On Sat, Mar 24, 2012 at 8:51 PM, Johan Tibell
On Sat, Mar 24, 2012 at 5:54 PM, Gabriel Dos Reis
wrote: I think there is a confusion here. A Unicode character is an abstract entity. For it to exist in some concrete form in a program, you need an encoding. The fact that char16_t is 16-bit wide is irrelevant to whether it can be used in a representation of a Unicode text, just like uint8_t (e.g. 'unsigned char') can be used to encode Unicode string despite it being only 8-bit wide. You do not need to make the character type exactly equal to the type of the individual element in the text representation.

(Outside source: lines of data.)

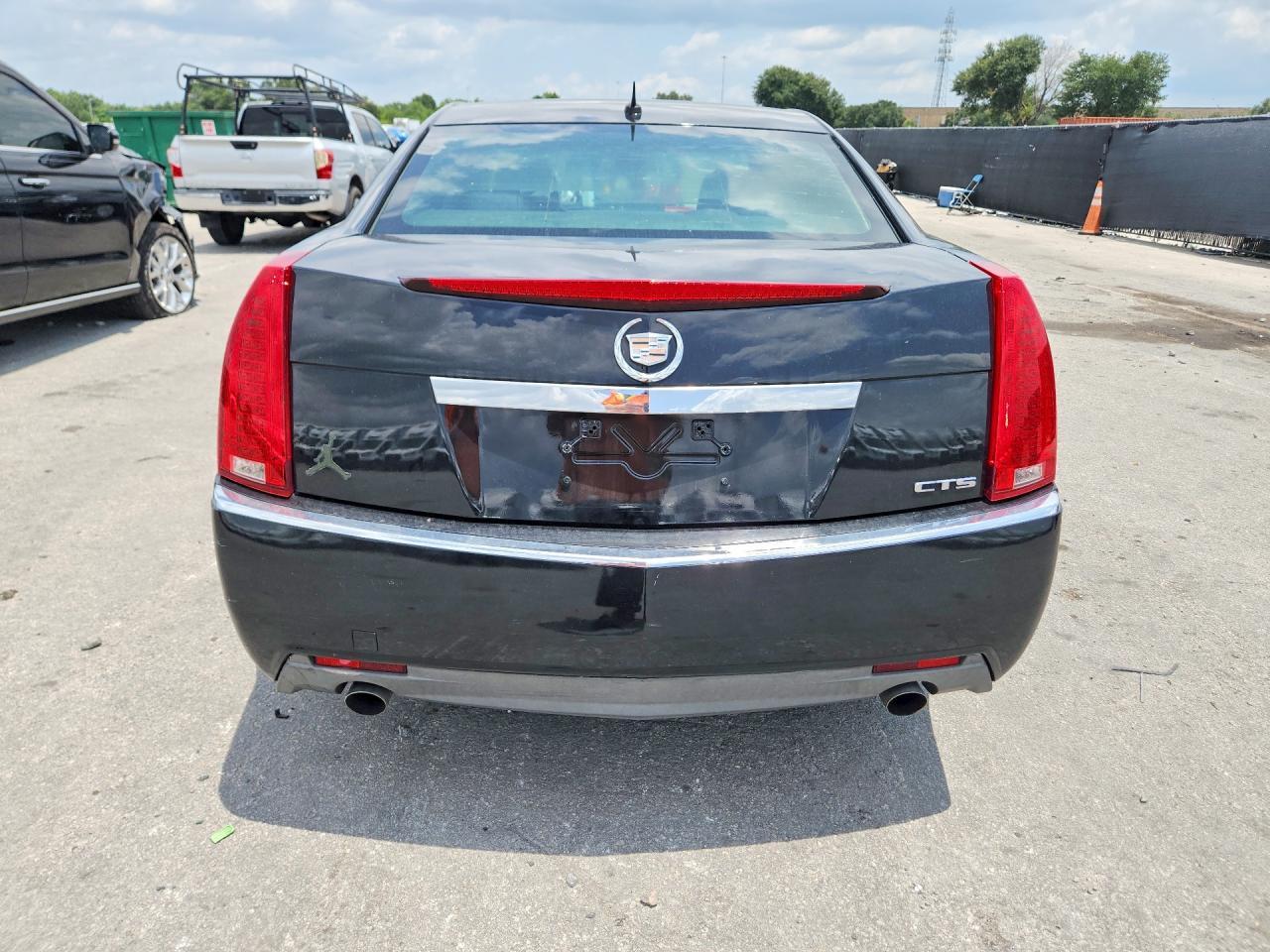 2010 Cadillac Cts Luxury Collection - Image 6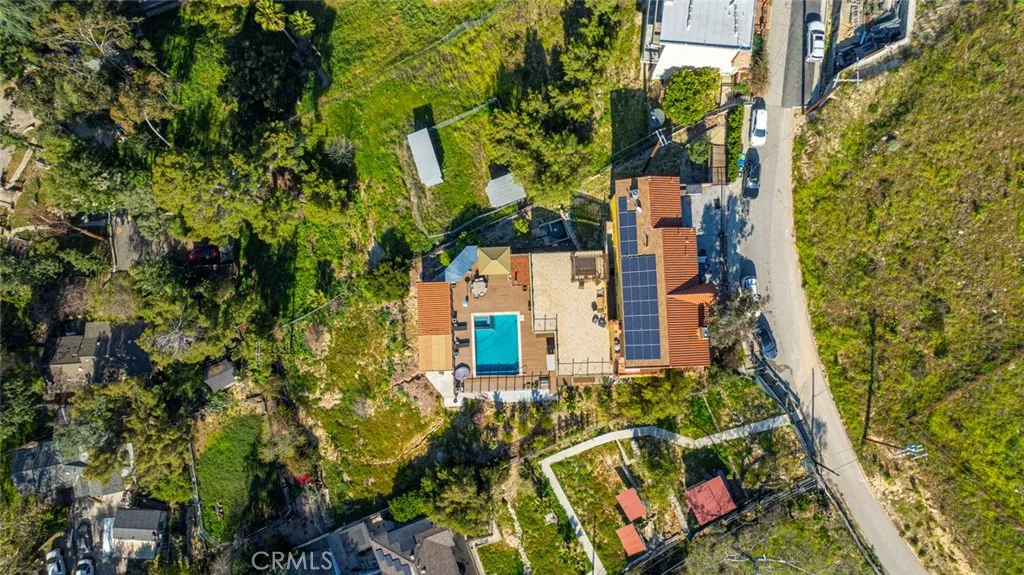 9336 Wayside Drive, Sunland, California 91040 home-pic-23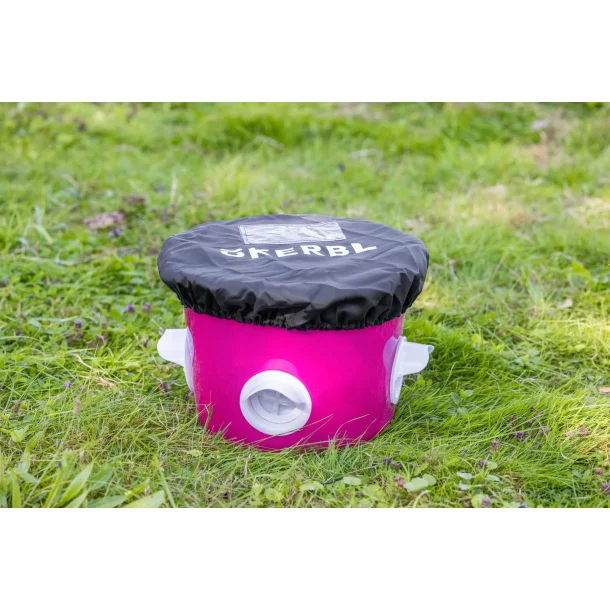 Foderspand med 4 spisehuller - 10 kg. - "Kalle" - Vandt�t cover til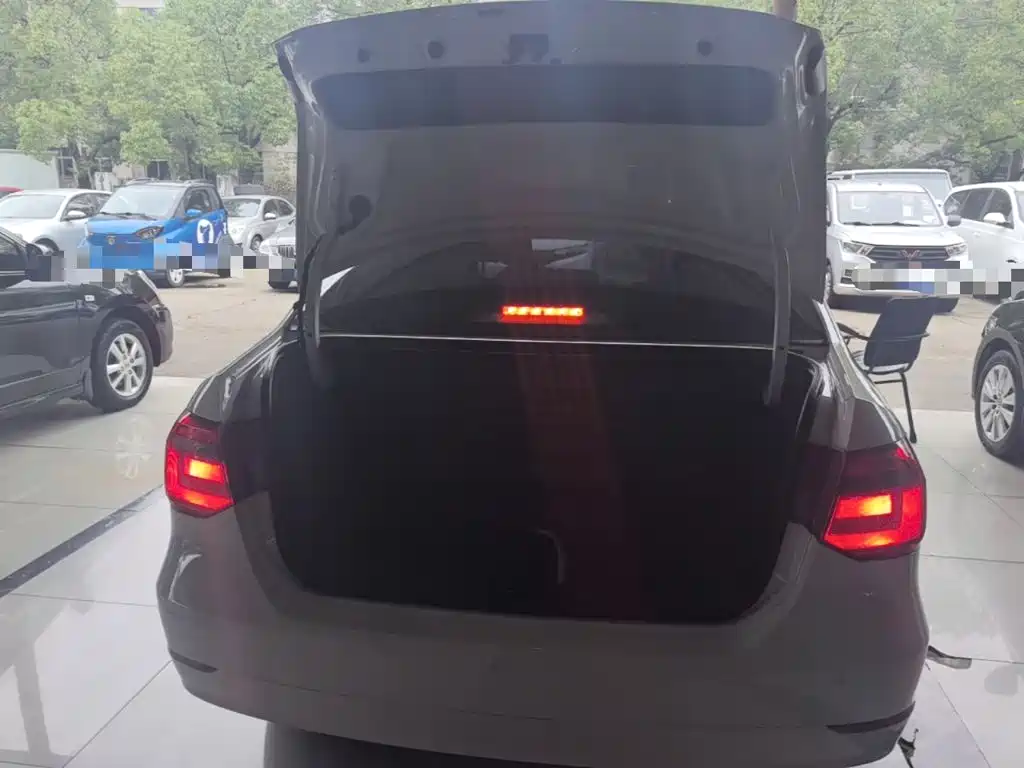 Volkswagen Jetta — миниатюра 19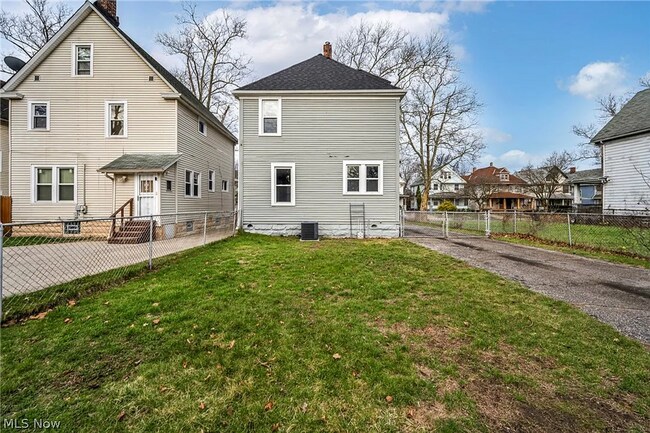 Building Photo - 5614 Drake Ave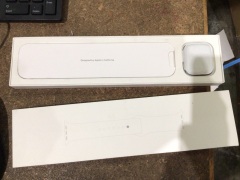 APPLE WATCH series 6 silver Aluminum with white sports band 44mm - 6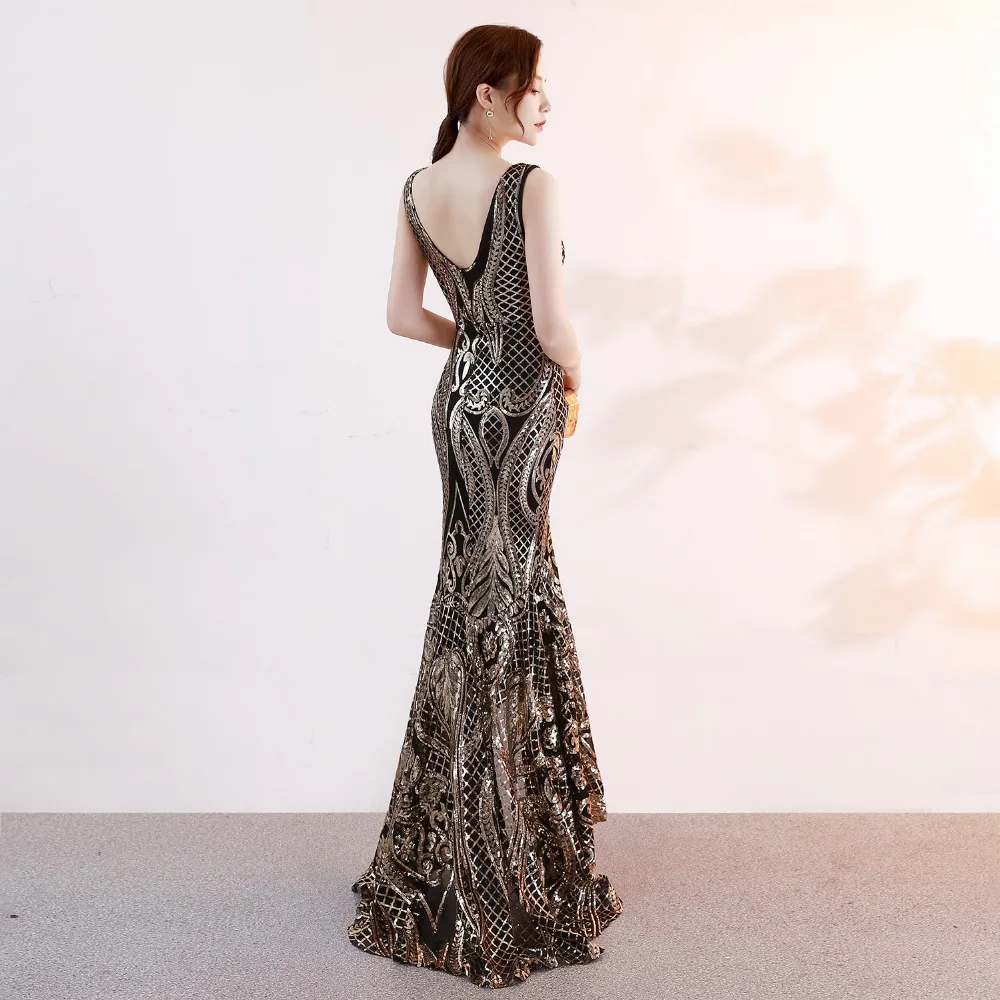 Золотистое платье правильной геометрической формы с блестками v образным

Well, if you have a >21-bit type you can declare its value to be a Unicode code point (which are numbered.)
That is correct. Because not all Unicode points represent characters, and not all Unicode code point sequences represent valid characters, even if you have that >21-bit type T, the list type [T] would still not be a good string type.
Using a char* that you claim contain utf-8 encoded data is bad for safety, as there is no guarantee that that's indeed the case.
Indeed, and that is why a Text should be an abstract datatype, hiding the concrete implementation away from the user.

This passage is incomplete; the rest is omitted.